EXERCISE GOAL: Would you copy out the following entries exactly, without any of the pictures?

MATERIALS PROVIDED:

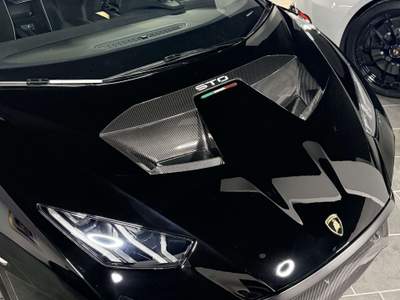 Lamborghini Huracán STO Full carbon spec/lift usata Curti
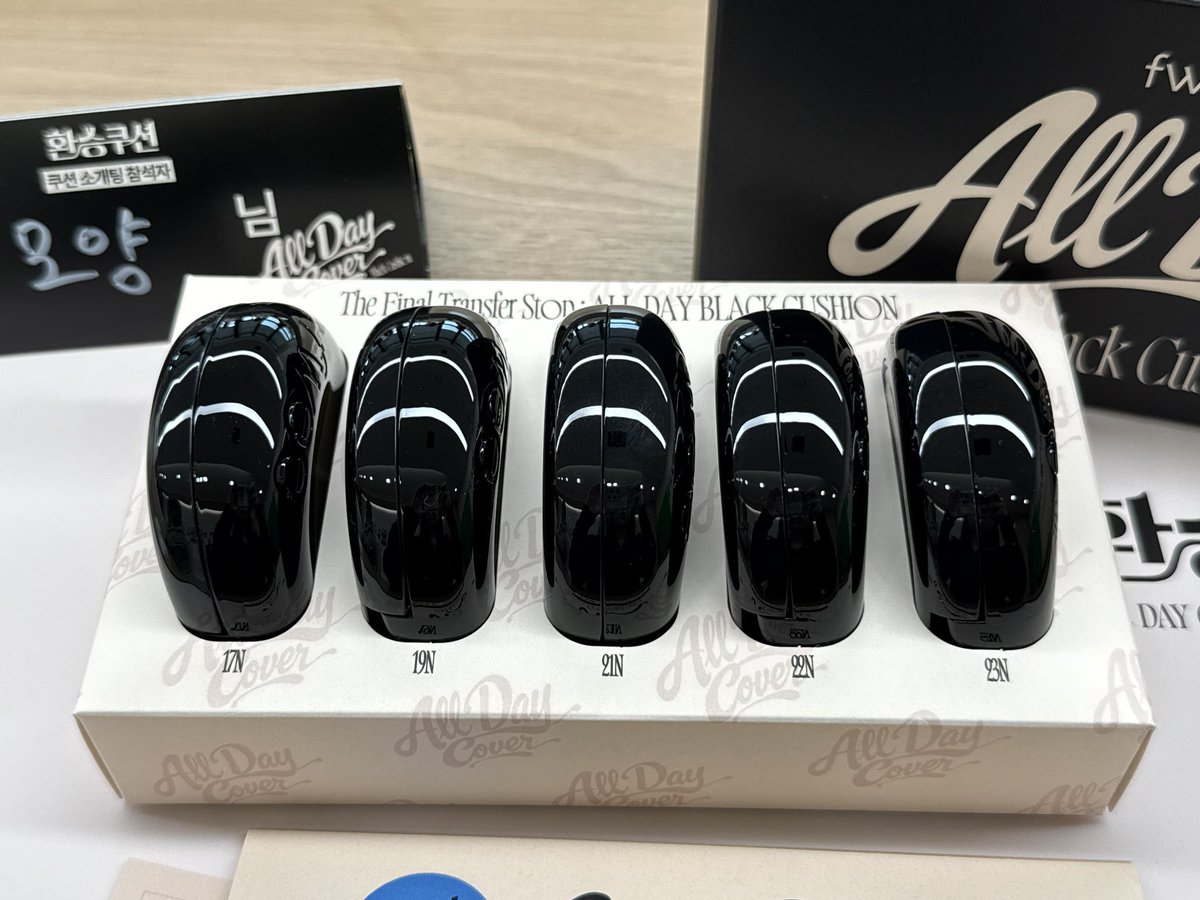 #협찬 #RT이벤트

퓌에서 이 갈고 만든 올데이 커버 블랙 쿠션！
#RT 추첨 두 분께 기획세트를 드려요 (5/4 발표)

커피챗에서 처음 만난 순간 블랙 패키지부터 맘이 설렜는데 결정했어요. 저 드디어 환승해요!!!! 
ㄴ어디로요? 퓌 올데쿠로 빠른 환승합니다 🖤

EXERCISE OUTPUT:
 Lamborghini Huracán STO Full carbon spec/lift usata Curti
 #협찬 #RT이벤트

퓌에서 이 갈고 만든 올데이 커버 블랙 쿠션！
#RT 추첨 두 분께 기획세트를 드려요 (5/4 발표)

커피챗에서 처음 만난 순간 블랙 패키지부터 맘이 설렜는데 결정했어요. 저 드디어 환승해요!!!! 
ㄴ어디로요? 퓌 올데쿠로 빠른 환승합니다 🖤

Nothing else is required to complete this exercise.